Defendants next argue that the Supreme Court's complete preemption doctrine applies because Plaintiffs could have brought their claims under ERISA § 502(a)(1)(B). Clareen Poffenbarger was a participant in an ERISA plan, and Plaintiffs' claims arise from an allegedly unlawful rescission and denial of benefits. [Id. at 10-11 (citing Aetna Health, Inc. v. Davila, 542 U.S. 200, 211 (2004)).] Further, all of Plaintiffs' claims relate to an ERISA employee benefit plan, and Plaintiffs seek remedies that are not authorized under ERISA's civil enforcement scheme. [Id. at 16.] Defendants also argue that the relationship test Plaintiffs rely upon may not be applicable after Davila. Even if the relationship test is still applicable, Defendants contend that Geweke is distinguishable on its facts. [Id. at 16 n.3.]
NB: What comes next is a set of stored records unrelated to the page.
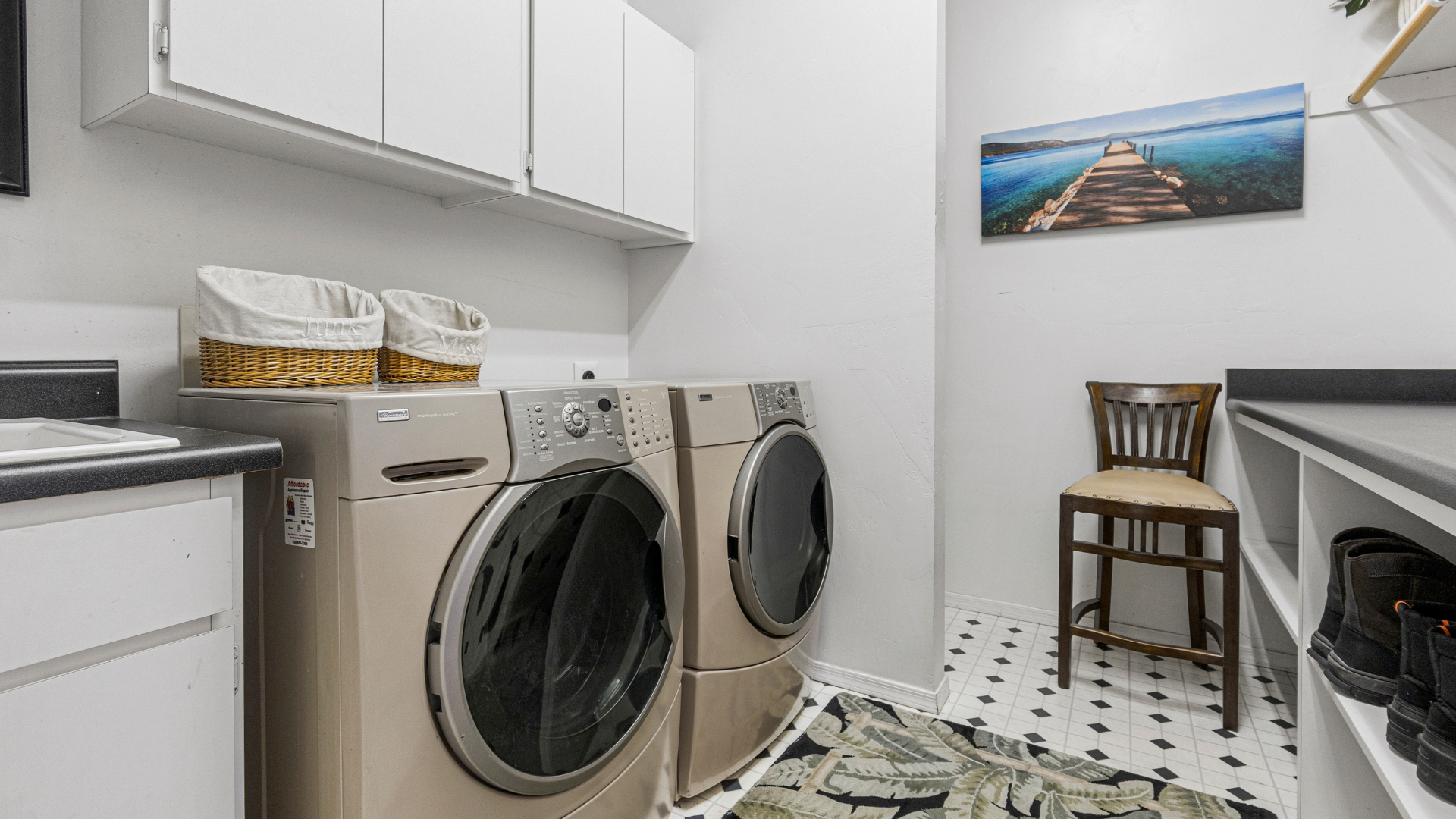 Laundry room with stacked washer and dryer, white cabinets, and a chair by a counter.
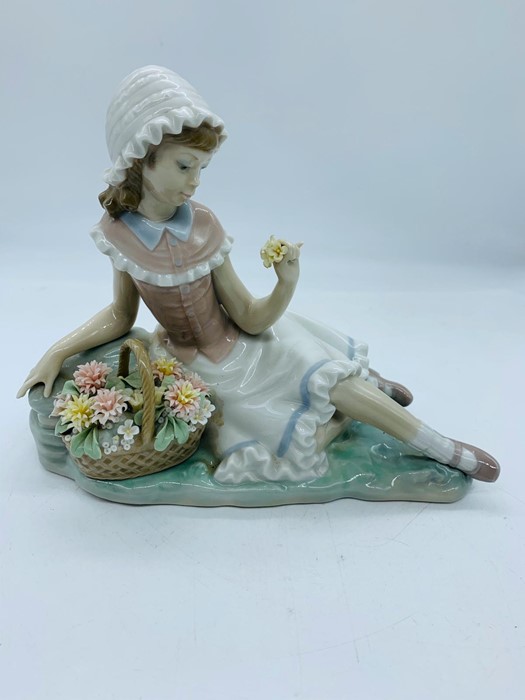 A Lladro figure of a girl sat with basket of flowers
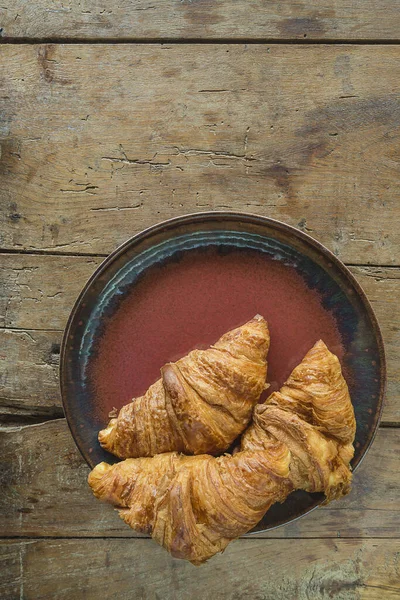 French croissants on plat and rustic wooden non paint background — Stock Image French Croissants Plat Rustic Wooden Non Paint Background Stock Picture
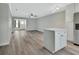 Modern kitchen with white cabinets and stainless steel appliances at 217 N Hill Ave # 20, Deland, FL 32724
Defendants argue that each of Plaintiffs' claims either has an impermissible relationship with an ERISA plan or conflicts with ERISA's civil enforcement scheme. Insurance bad faith seeks general and punitive damages, which are not available under ERISA. Further, insurance bad faith has its roots in general contract law and is therefore not aimed directly at entities engaged in the insurance business. [Id. at 17-18.] Although Count I relies on several Hawai`i statutes, they are either irrelevant or are not directed specifically at entities in the insurance business. In addition, Plaintiffs' Chapter 480 claim is completely preempted because Chapter 480 is not directed at entities in the insurance business, and it provides for remedies not allowed under ERISA. Plaintiffs' tort and breach of contract claims are also preempted because tort and contract law provide for remedies not allowed under ERISA. [Id. at 19-20.] Finally, Defendants argue that Plaintiffs' Complaint does not rely on the HPHCA. Moreover, the HPHCA does not provide for a private right of enforcement, and the Hawai`i Supreme Court has held that the HPHCA does not prevent the application of ERISA preemption. [Id. at 21 (citing Garcia v. Kaiser Foundation Hospitals, 90 Hawai`i 425, 433, 978 P.2d 863, 871 (1999)).]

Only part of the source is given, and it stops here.